The North Yorkshire Police website is home to a sad collection of faces. Faces guilty of crimes including assault, theft, blackmail, tax evasion, drug dealing and even manslaughter. They are all serving prison sentences of up to four years and they will all be eligible to vote under new legislation to be introduced next year. The change comes following pressure from the European Court of Human Rights (ECHR) for the government to remove the blanket ban on prisoners’ eligibility to vote. The ECHR believes the ban to be an infringement of prisoners’ rights.

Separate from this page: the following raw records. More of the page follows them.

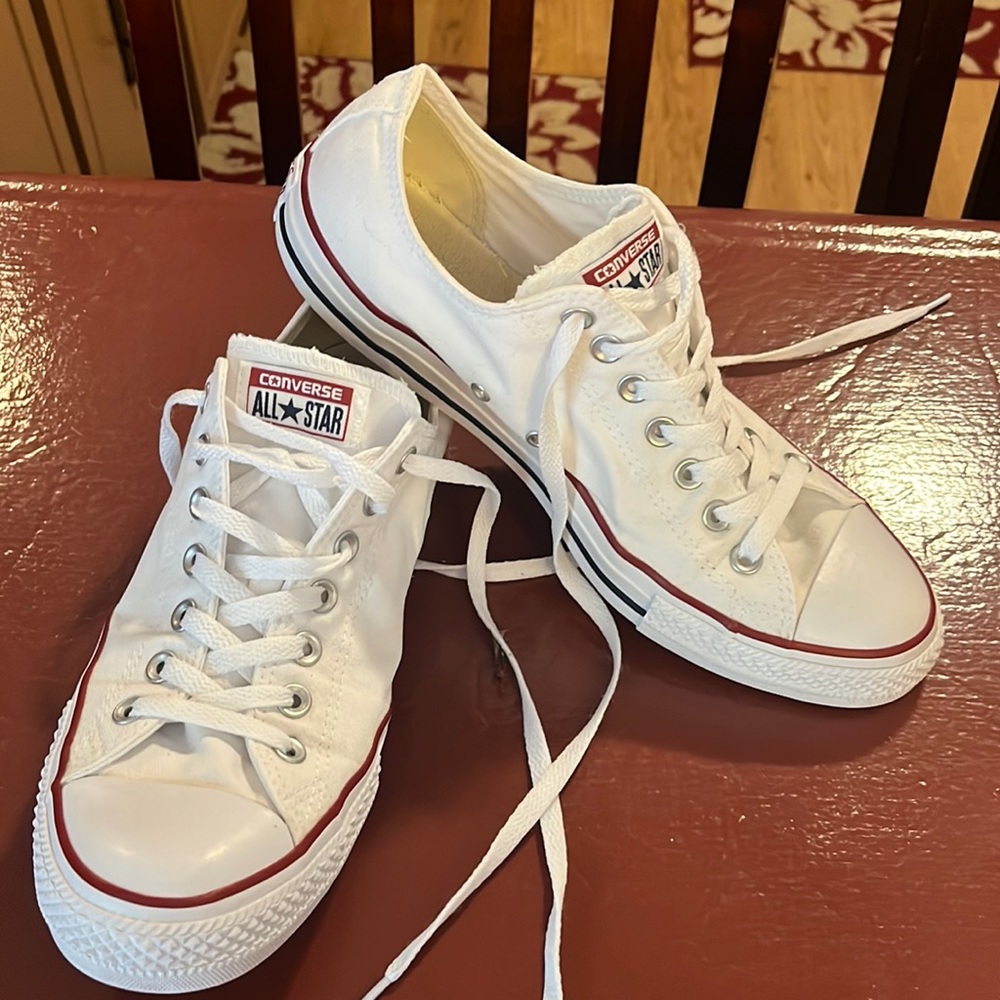 Converse all star mens sz 10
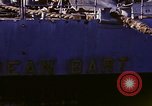 Immagine di Corazzata francese Casablanca in Marocco, 1942, secondo 6 filmato di repertorio 65675051817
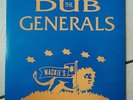 THE DUB GENERALS - 1983 Wackie's UK Original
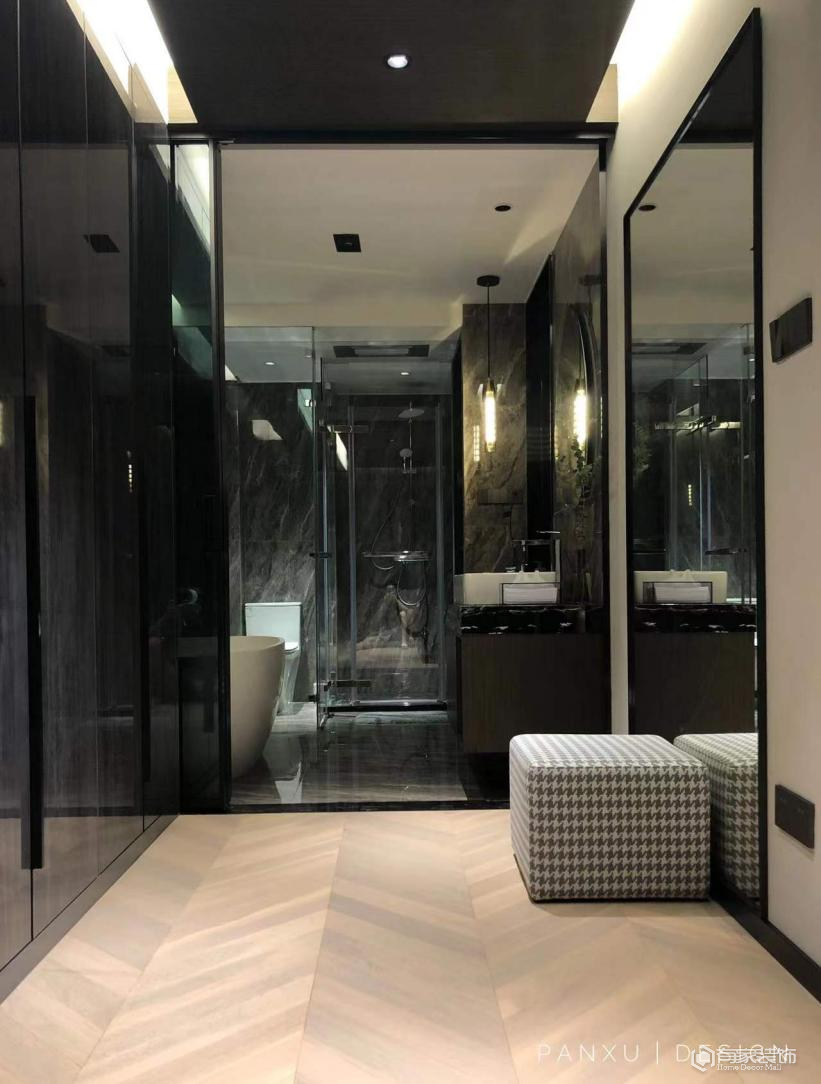 有家装饰案例新作 | 简约复式,谱写现代雅致 有家装饰案例新作 | 简约复式,谱写现代雅致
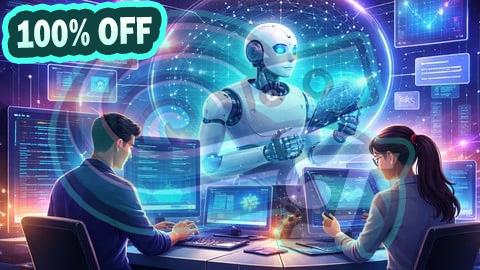 100% Free Coupon Full Stack AI Engineer 2026 - Generative AI & LLMs III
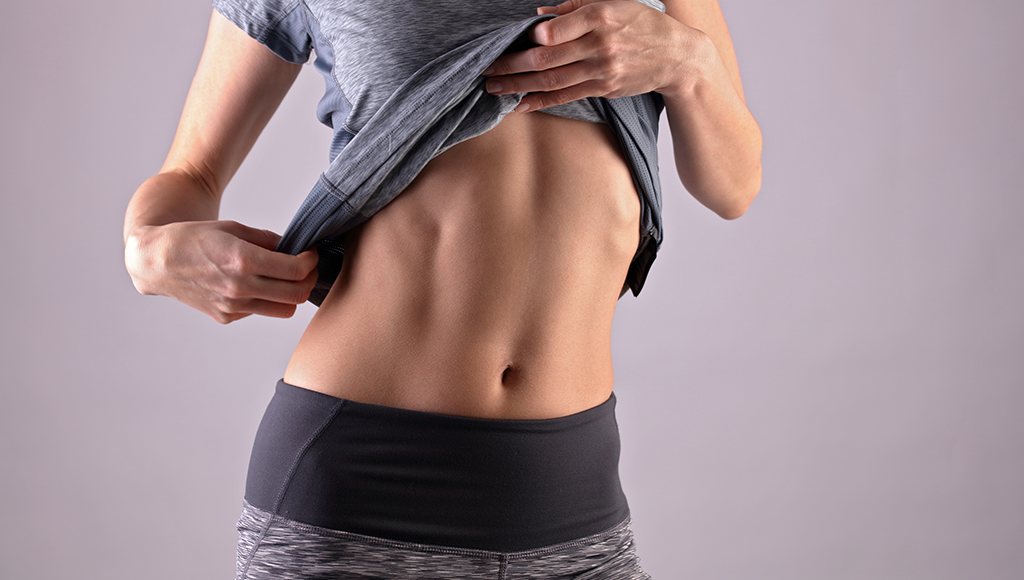Rutina de 7 minutos para fortalecer el abdomen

Prisoners cannot reasonably claim that their rights are being infringed upon when they have directly deprived another person of theirs. In 2001, John Hirst, who served 25 years for killing his landlady, challenged the removal of prisoners’ enfranchisement in court, but was dismissed. In 2005, Hirst then went on to appeal with success to the ECHR. He has been a relentless campaigner for the prisoner’s right to vote, and this week rejoiced at the announcement in a homemade video where he stated, “I’m now going to celebrate for the 75,000 prisoners who will be getting the vote – that includes murderers, rapists, paedophiles, all of them will be getting the vote because it’s their human right to have the vote.”
This all comes from a man who, after an unprovoked attack on his landlady with an axe, calmly went to make a cup of coffee, and drank it as she lay fatalling wounded in the next room. Criminals deprive others of their rights, and at the very least they should have their liberties restricted as part of their punishment. His landlady will never vote again, so why should Hirst?
Regardless of a prisoner’s crime or history, once in prison the fact of the matter is this: a prisoner’s living costs are paid for by the tax payer, whilst they do not contribute to society in any way. As a result, their temporary disenfranchisement seems only fair, preventing them from having a voice in the system that they have rejected.
We must consider the future. If the ECHR and the likes of John Hirst have succeeded in making the government back down this far on the grounds of human rights infringement, then where will it stop? Like it or not, prisoners serving sentences longer than four years are still entitled to their human rights, so it is not inconceivable to consider that in the future, those convicted of the worst crimes will be able to vote.
Criminals undergoing their punishment deserve to be disenfranchised as a result of their actions. Once a sentence has been served and an inmate re-enters society, they then have the opportunity to contribute again in a positive way. Only then should they be enfranchised, and allowed a voice equal to yours or mine.